BY: RACHEL MIPRO Kansas Reflector
TOPEKA — Kansas Attorney General Kris Kobach returned to the Statehouse to once again urge the Kansas Legislature to ban foreign land purchases in the state under the assumption countries such as China are attempting to spy on and influence the U.S.
The newest attempt to do so, Senate Bill 446, would ban foreign individual and corporate purchases of three or more acres of land. Foreign land leases would be capped at less than two years.
“We are the only state in the breadbasket that has no prohibition whatsoever, no restriction whatsoever, on foreign nationals and foreign corporations purchasing our land, which means it’s open season,” Kobach said during a Tuesday news conference.
Kobach said the change would also prevent drug cartels from sweeping into the state.
“It’s not just China, it’s also Mexican drug cartels,” Kobach said. “Mexican drug cartels have purchased a huge amount of land in Texas, Oklahoma and California.”

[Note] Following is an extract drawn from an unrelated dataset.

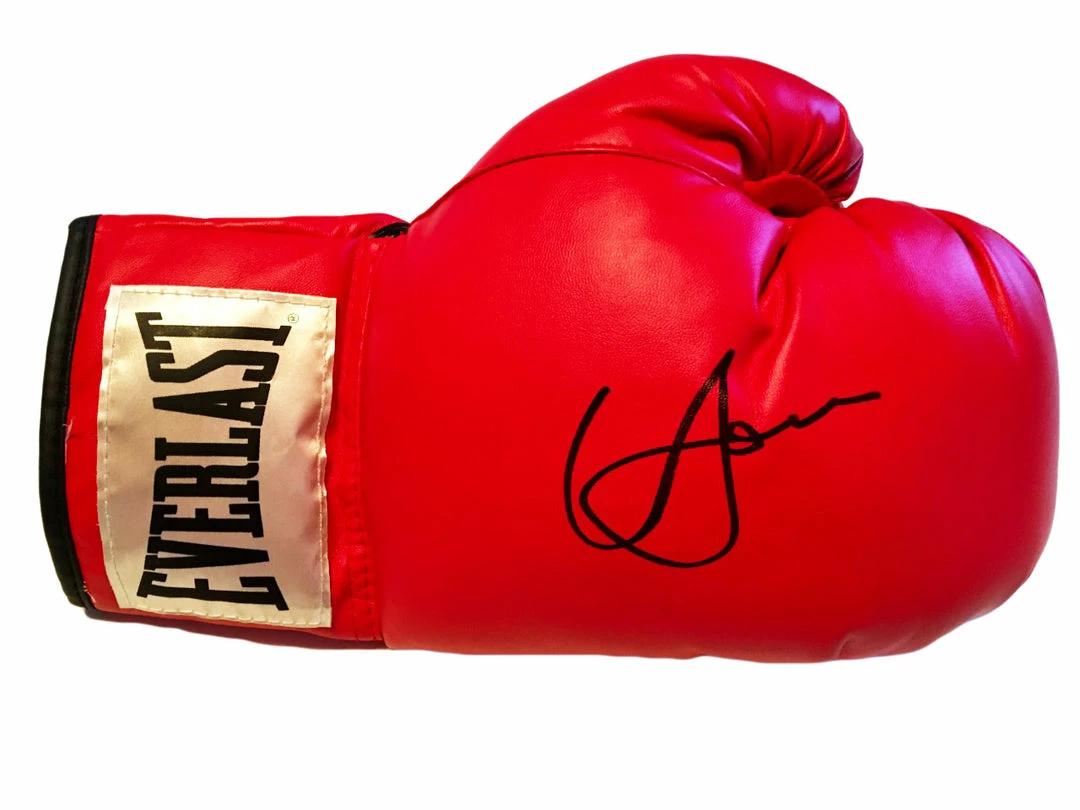 Iconsofboxing.com Boxer Vasyl Lomachenko Autographed Everlast Red Boxing Glove In Black Signature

When asked if he could provide any evidence of cartel activity or of foreign entities operating in the state, Kobach said these activities were hard to track and under-reported.
“The Chinese have sought to acquire control for a variety of purposes,” Kobach said. “Some say it’s leverage over the United States, some say it’s just securing their own food supply. And others say it has a secondary purpose of surveillance depending on the location.”
Kobach has pushed similar legislation before, though none of the bills gained much traction.
This iteration of the foreign land ban would set up a five-member state land council to review requests for exemptions. The council would have the authority to grant case exceptions. Council members would include the attorney general, the adjutant general, the governor, the secretary of state and the director of the Kansas Bureau of Investigation, or such members’ designees.
Kansas State Sen. Mike Thompson, who accompanied Kobach to endorse the bill, said the legislation was a “clear-cut way” to protect Kansans while allowing “good” people from other countries to still invest in state land.
Thompson is the chair of the Senate Committee on Federal and State Affairs, where the bill is scheduled to be heard Wednesday. With older farmers retiring and young people leaving rural areas, Thompson said these areas are open to outside threats.
“They’re leaving vast areas of the state vulnerable to acquisition by opportunistic bad actors from countries that wish Americans harm,” Thompson said.
While Republicans at a state and federal level have increasingly focused on China as a global threat, with multiple states debating and passing legislation limiting foreign farmland purchases. The actual extent of foreign land ownership remains murky.
One 2022 USDA report puts foreign holdings of U.S. agricultural land at over 43.4 million acres, or 3.4% of all privately held U.S. agricultural land and nearly 2% of all U.S. land. Of this foreign ownership, China held an estimated 346,915 acres, less than 1%, though the report notes that China’s interest could be under-represented due to filing classifications.
Thompson and Kobach both pointed to Cnano Technology USA as an example of local outcomes they hope to prevent. The China-based company plans to locate a $94.7 million manufacturing plant in Johnson County to make liquid conductive paste used in products such as cell phones and vehicle batteries.
Though the county approved the move, others have claimed the company has subversive ties. U.S. Rep. Jake LaTurner, a Republican serving the 2nd District of eastern Kansas, called for a federal investigation into Cnano earlier this month.
During Tuesday’s news conference, Thompson warned against similar moves.
“An insatiable desire for economic development without any vetting process whatsoever for nano at the county level, has led now to Kansas taxpayers supporting a Chinese-owned entity that’s inserted themselves into the industrial supply chain,” Thompson said. “It takes very little imagination to comprehend the dangers of that type of arrangement.”